Assouplissement de la loi Evin: Nora Berra dénonce «un coup d'épée dans notre dispositif de lutte contre le tabac»
INTERVIEW•La secrétaire d'Etat à la Santé met en garde contre une idée qui peut paraître séduisante...Propos recueillis par Ingrid Gallou
Alors qu’une proposition de loi visant à assouplir la loi Evin est débattue jeudi à l’Assemblée nationale, Nora Berra, secrétaire d’état à la Santé s’oppose à une éventuelle brèche dans la loi anti-tabac.
La proposition de loi du député PS Didier Mathus propose de «concilier lutte contre la tabagisme et préservation des œuvres culturelles». Sur le papier, l’idée peut paraître séduisante...
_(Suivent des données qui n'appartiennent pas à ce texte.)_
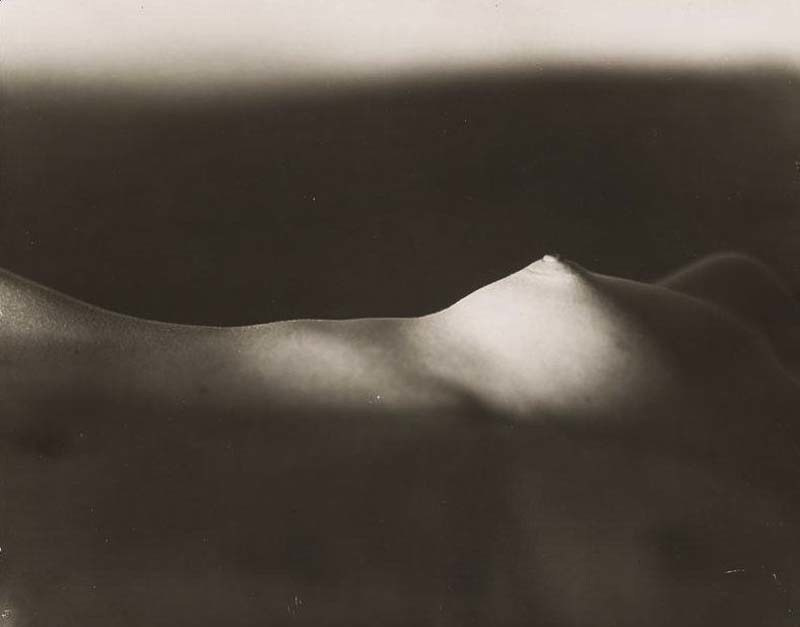 фотография Франтишека Дртикола с женской фигурой и графическими тенями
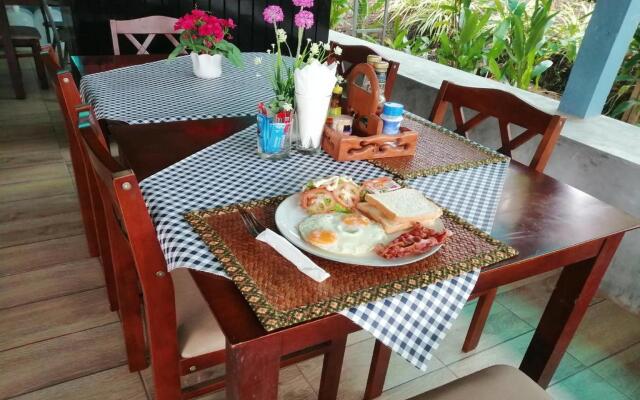 OYO 967 Andathien Pool Villa Aonang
On lui a effectivement donné une image séduisante, pour mieux cacher la dangerosité de la démarche. Concilier lutte contre le tabagisme et préservation des œuvres culturelles, bien sûr, sauf que le dispositif contre le tabac n’a compromis l’intégrité d’aucune oeuvre culturelle. Notre patrimoine n’est en rien menacé. D’emblée, cela vous renseigne sur l’inutilité d’une telle loi.
Comment expliquer que les Français aient eu la sensation d’une confiscation de leur patrimoine par la loi Evin, comme lors de la polémique autour de la pipe de Jacques Tati?
La loi Evin n’a jamais imposé de falsifier les œuvres culturelles. C’est une régie publicitaire de droit privé qui est à l’origine de l’effacement de la pipe de Tati. Il faut absolument rétablir la vérité et faire savoir que la loi Evin n’impose pas ce type de censure. Cette initiative privée n’a rien à voir avec le code de santé publique. D’ailleurs, la convention cadre de lutte contre le tabac de l’Organisation mondiale de la santé (OMS) signée par la France confirme que notre dispositif n’est en rien liberticide et bien compatible avec la liberté de création artistique.
Selon les associations, une première brèche dans la loi Evin serait catastrophique. C’est aussi votre point de vue?
Si elle était votée, elle donnerait, de manière détournée, la possibilité aux industriels du tabac de faire de la publicité. C’est un coup d’épée dans notre dispositif de lutte contre le tabac, alors même que le Haut conseil de la santé publique a émis mardi un avis très défavorable à l’adoption du texte. Je voudrais rappeler que ce sont chaque année 250 000 jeunes qui commencent à fumer. On sait que la moitié d’entre eux mourront des conséquences de ce tabagisme.
Et pourtant, la proposition de loi risque d’être adoptée jeudi...
Elle risque effectivement d’être adoptée, car elle n’est pas passée comme elle aurait dû l’être par une commission des affaires sociales (où les questions de santé publiques sont habituellement débattues), mais a été portée par des députés de la commission des affaires culturelles. C’est une manière astucieuse de porter un texte qui vient entamer un dispositif de santé publique.